Monday, May 22, 2017

The Lost City of the Monkey God: A True Story, by Douglas Preston

9781455540006
Grand Central Publishing, 2017
326 pp

hardcover

I took this book along with me on vacation in Mexico a few weeks back and read it after a day touring Tulum. I know that Tulum is a Mayan site and is not in Honduras where the action in this book takes place,  but being there and experiencing the ruins only whetted my appetite for a story of exploration in the dense jungles of the Central American rainforests.  If the truth must be told, I'm also a huge devotee of stories concerning exploration and archaeology, both fiction and nonfiction, and I've been reading about archaeological finds since I was a kid.

The "Lost City of the Monkey God" is one title for a lost city said to be "hidden in rugged Mosquitia," the circled area in the map below.


What the map doesn't reveal is that this area that covers roughly thirty-two thousand miles, and that it is  a "land of rainforests, swamps, lagoons, rivers and mountains."  According to the author, the area was once labeled on maps as the Portal del Infierno, "the Gates of Hell."  It is a dangerous place to explore, not only due to the hazards posed by "the thickest jungle in the world" but also because of the fact that, as Preston says, "Honduras has one of the highest murder rates in the world," and that a whopping eighty percent of the cocaine that comes to the US via South America comes through Honduras, "most of it via Mosquitia" leaving "much of the surrounding countryside and towns" of the area in the hands of the cartels.

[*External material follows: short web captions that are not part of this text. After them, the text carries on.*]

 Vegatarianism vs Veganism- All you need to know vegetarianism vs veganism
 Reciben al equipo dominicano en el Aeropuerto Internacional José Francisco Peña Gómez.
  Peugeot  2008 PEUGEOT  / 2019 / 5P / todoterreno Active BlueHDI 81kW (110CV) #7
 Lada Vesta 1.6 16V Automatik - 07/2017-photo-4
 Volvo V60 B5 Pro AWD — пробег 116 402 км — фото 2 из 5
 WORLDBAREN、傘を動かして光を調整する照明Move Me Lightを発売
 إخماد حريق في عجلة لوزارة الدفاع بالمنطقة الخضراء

In 1526 Cortés wrote a report to Emperor Charles V while off the coast of Honduras, saying that he believed that there were "very extensive and rich provinces"... that "will exceed Mexico in riches..." According to Cortés,  this "new land" was known by the Indians as "the Old Land of Red Earth," and it existed "somewhere in the mountains of Mosquitia."  While he never explored there, twenty years later a missionary "found himself looking down on a large and prosperous city spread out in a river valley," and although he didn't go into the city, his report to Charles V kept the legend alive.  The legends of as-yet undiscovered lost cities continued to flourish over the next few centuries, until as Preston says, "by the dawn of the twentieth century," they had "coalesced into a single legend of a sacred and forbidden Ciudad Blanca," so-named because of the stories collected by Pech Indians (aka the Paya) of Mosquitia that told about a "White House" located "beyond a pass in the mountains at the headwaters of two rivers."  It was also known as "the City of the Monkey God," and more than one explorer set off in search for this legendary place.

After going through a brief history of attempts to discover this lost city, Preston's account reveals how he joined an expedition to the area after a documentary filmmaker named Steve Elkins had decided to make a search of the area using lidar technology.  The cost to do the whole area was prohibitive, so Elkins settled on a search area of about fifty square miles. The gist of the search you can read about here in a New Yorker article written by Douglas Preston in 2013; suffice it to say that not only did Elkins and his team discover one large site, they discovered a second one as well. Most of the book details the ground expedition -- pitfalls, surprises and discoveries, etc., -- as well as its aftermath.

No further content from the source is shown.